**Try it:** Within the records, find every line that includes the word "white" and copy it.

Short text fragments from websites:
○ ○ ○ ○
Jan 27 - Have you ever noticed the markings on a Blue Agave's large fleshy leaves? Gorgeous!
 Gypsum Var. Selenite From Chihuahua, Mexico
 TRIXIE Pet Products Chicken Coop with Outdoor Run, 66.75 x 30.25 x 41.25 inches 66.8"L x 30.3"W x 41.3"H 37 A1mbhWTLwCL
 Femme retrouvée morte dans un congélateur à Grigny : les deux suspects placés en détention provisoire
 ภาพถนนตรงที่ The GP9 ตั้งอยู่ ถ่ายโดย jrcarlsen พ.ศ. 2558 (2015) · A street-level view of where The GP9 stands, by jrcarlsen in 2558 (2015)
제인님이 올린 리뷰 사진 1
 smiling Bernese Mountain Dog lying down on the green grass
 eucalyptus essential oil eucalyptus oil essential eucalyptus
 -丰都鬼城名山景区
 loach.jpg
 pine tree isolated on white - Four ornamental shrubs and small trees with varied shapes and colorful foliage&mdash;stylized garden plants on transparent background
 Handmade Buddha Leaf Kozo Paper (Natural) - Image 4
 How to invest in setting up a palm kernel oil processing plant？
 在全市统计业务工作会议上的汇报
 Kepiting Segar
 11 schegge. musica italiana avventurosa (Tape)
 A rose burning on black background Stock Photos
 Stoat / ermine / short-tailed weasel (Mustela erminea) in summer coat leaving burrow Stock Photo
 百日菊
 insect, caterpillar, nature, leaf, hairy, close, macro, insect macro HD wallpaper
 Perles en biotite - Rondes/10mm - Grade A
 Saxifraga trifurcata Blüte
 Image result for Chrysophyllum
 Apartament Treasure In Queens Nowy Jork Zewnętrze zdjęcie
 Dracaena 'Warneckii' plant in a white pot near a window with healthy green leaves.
○ ○ ○ ○
**Answer below:**
 pine tree isolated on white - Four ornamental shrubs and small trees with varied shapes and colorful foliage&mdash;stylized garden plants on transparent background
 Dracaena 'Warneckii' plant in a white pot near a window with healthy green leaves.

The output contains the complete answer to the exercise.